───── ENTRIES SUPPLIED ─────

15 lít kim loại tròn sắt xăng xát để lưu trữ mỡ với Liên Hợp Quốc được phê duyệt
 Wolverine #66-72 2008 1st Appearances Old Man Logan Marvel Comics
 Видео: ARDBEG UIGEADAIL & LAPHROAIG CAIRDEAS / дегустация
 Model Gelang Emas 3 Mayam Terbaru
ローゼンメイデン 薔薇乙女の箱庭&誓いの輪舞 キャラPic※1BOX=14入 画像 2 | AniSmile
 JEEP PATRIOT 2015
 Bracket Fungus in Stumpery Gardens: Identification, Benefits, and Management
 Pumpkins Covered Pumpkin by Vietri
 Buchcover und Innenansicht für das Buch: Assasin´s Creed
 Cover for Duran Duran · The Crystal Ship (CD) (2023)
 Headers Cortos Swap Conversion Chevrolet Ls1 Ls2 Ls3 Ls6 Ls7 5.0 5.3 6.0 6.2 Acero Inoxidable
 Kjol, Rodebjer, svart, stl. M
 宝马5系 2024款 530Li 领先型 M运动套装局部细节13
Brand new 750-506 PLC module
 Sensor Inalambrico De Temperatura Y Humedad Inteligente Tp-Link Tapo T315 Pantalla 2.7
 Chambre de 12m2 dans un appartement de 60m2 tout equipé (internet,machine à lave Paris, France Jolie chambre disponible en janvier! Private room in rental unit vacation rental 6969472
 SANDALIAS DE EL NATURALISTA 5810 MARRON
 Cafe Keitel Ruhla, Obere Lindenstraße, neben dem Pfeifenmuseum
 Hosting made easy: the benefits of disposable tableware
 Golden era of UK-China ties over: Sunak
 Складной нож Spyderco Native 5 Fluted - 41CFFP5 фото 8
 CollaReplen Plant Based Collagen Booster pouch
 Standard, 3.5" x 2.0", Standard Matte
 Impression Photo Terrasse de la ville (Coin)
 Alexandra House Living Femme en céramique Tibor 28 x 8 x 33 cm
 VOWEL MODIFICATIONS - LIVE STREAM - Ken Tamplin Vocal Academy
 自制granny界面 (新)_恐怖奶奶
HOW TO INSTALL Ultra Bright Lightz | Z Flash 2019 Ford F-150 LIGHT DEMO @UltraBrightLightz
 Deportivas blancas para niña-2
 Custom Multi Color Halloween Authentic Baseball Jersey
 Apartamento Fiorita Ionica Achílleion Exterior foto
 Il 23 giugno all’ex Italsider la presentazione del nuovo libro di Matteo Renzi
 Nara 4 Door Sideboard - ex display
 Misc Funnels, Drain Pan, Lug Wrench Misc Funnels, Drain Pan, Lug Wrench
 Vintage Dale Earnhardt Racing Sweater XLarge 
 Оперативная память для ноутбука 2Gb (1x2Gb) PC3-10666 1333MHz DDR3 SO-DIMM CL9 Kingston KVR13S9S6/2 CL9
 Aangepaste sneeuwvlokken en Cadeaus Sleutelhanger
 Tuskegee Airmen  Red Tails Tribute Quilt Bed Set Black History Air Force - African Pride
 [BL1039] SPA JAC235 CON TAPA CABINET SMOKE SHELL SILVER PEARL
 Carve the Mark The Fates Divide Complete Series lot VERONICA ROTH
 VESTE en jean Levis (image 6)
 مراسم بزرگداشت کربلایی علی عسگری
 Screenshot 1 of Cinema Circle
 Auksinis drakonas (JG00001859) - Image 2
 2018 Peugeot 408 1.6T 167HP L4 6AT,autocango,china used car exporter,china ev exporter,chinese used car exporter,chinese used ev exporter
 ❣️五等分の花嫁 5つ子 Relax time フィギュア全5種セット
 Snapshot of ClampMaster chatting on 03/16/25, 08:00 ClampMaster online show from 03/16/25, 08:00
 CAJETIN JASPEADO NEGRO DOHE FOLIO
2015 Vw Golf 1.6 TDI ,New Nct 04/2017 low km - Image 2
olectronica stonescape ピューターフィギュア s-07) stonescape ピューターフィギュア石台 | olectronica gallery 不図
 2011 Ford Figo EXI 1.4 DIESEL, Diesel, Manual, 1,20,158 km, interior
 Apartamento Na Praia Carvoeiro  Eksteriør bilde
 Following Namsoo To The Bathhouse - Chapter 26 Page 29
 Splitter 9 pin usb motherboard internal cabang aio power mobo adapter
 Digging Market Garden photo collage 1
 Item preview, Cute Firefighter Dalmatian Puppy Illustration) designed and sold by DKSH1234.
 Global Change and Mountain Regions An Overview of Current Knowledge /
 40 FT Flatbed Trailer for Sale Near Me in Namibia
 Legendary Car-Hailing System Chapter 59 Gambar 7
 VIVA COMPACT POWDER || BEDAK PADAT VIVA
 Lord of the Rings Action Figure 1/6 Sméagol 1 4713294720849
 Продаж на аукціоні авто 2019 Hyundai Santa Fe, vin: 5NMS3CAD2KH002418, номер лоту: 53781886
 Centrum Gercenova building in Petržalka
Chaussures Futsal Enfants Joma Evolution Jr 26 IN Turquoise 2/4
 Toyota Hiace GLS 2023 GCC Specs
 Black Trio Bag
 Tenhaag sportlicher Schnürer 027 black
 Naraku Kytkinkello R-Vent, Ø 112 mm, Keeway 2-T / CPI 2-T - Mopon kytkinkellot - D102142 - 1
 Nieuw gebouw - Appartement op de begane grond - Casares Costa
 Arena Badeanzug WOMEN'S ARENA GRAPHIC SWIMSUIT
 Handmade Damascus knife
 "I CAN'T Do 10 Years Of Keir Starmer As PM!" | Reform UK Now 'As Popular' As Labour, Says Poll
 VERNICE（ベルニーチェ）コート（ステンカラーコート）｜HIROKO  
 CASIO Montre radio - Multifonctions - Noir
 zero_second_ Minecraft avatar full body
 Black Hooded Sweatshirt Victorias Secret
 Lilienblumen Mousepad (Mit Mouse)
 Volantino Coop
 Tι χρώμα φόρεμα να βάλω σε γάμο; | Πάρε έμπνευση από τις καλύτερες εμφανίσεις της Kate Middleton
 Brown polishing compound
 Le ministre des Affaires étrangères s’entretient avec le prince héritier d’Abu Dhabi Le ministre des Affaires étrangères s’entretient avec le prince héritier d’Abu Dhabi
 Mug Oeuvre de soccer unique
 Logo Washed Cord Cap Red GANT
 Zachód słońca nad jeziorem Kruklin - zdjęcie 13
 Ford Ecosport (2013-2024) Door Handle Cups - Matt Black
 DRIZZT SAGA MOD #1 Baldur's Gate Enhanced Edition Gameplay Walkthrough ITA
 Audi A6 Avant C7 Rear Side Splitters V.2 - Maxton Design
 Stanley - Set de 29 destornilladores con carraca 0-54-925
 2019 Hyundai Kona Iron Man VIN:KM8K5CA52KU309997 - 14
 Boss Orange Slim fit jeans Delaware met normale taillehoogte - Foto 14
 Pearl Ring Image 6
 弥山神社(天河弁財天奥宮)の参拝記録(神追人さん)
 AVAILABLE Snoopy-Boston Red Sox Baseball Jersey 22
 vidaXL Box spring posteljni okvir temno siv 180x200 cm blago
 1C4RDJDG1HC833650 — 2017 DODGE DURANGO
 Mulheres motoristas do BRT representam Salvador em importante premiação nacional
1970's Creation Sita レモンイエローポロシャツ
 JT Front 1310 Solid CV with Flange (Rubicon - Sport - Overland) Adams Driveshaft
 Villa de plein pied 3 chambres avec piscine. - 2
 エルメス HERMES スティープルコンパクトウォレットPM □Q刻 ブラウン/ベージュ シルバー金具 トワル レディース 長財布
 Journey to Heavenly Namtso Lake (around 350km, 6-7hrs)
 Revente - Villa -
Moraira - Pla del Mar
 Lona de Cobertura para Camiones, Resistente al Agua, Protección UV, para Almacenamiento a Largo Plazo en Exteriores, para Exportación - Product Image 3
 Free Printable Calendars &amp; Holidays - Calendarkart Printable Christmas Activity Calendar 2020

─────

**WORK REQUEST**
Copy exactly the stretch of data above from the line with "Pearl Ring Image 6" through the line with "Villa de plein", and omit all other lines.

**SOLUTION FOR THIS EXERCISE**
 Pearl Ring Image 6
 弥山神社(天河弁財天奥宮)の参拝記録(神追人さん)
 AVAILABLE Snoopy-Boston Red Sox Baseball Jersey 22
 vidaXL Box spring posteljni okvir temno siv 180x200 cm blago
 1C4RDJDG1HC833650 — 2017 DODGE DURANGO
 Mulheres motoristas do BRT representam Salvador em importante premiação nacional
1970's Creation Sita レモンイエローポロシャツ
 JT Front 1310 Solid CV with Flange (Rubicon - Sport - Overland) Adams Driveshaft
 Villa de plein pied 3 chambres avec piscine. - 2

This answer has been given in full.